==> Généralités
Le régime primaire impératif se compose de l’ensemble des règles formant le statut patrimonial de base irréductible du couple marié.
Par irréductible, il faut comprendre qu’il s’agit d’une base normative commune qui constitue le minimum d’association que doit faire naître l’union matrimoniale.
Ainsi que le relèvent des auteurs « on peut estimer qu’au même titre que les dispositions relatives aux effets personnels du mariage, les dispositions du régime primaire impératif constituent l’essence du mariage tant d’un point de vue symbolique et théorique (c’est le plus petit dénominateur commun de tous les mariages), que d’un point de vue pratique – dès lors que, le plus souvent, les effets patrimoniaux du mariage se résumeront à l’application des règles du régime primaire au quotidien bien d’avantage que celles des régimes matrimoniaux »[2].
Ce régime primaire impératif est donc envisagé aux articles 212 à 226 du Code civil dans un Chapitre VI consacré aux devoirs et aux droits respectifs des époux. Ce chapitre relève d’un Titre V, intitulé « Du mariage » qui appartient au Livre 1er du Code civil dont l’objet est l’appréhension « Des personnes ».
==> Notion
La terminologie « régime primaire » est empruntée aux motifs de la loi n°65-570 du 13 juillet 1965 portant réforme des régimes matrimoniaux.

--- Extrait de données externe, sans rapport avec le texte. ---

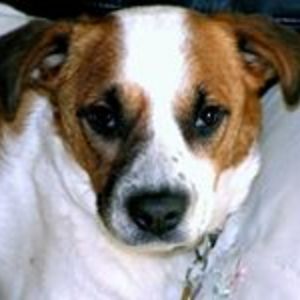 glenvilleturnbull avatar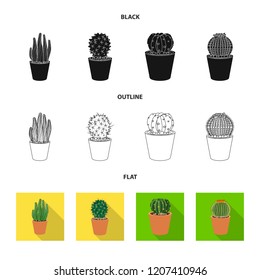 Isolated object of cactus and pot symbol. Collection of cactus and cacti stock vector illustration.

Certains auteurs dénoncent cette terminologie, car empreinte d’ambiguïté en ce sens qu’elle suggérerait que le « régime primaire » serait autonome et donc appliqué uniquement à certains ménages, tandis que les autres seraient soumis à des régimes « secondaires »[3].
Tel n’est pourtant pas la réalité. Le régime primaire s’applique à tous les couples mariés, sans exceptions, les époux devant opter, pour compléter le statut patrimonial qui leur applicable, pour l’un des régimes matrimoniaux prévus par la loi.
Aussi, d’aucuns préfèrent à la terminologie régime primaire, la qualification de « statut patrimonial de base » ou encore plus sobrement de « statut fondamental ».
Ces formules sont, en tout état de cause, équivalentes et désignent le même corpus normatif, soit celui qui comprend l’« ensemble des règles primordiales à incidence pécuniaire, en principe impératives, applicables à tous les époux quel que soit leur régime matrimonial proprement dit (lequel, qu’il soit légal ou conventionnel, vient nécessairement se superposer à ce régime de base) et destinées à sauvegarder les fins du mariage, tout en assurant un pouvoir d’action autonome à chacun des époux, soit que ces règles puissent jouer d’elles-mêmes, soit qu’elles permettent l’intervention du juge »[4].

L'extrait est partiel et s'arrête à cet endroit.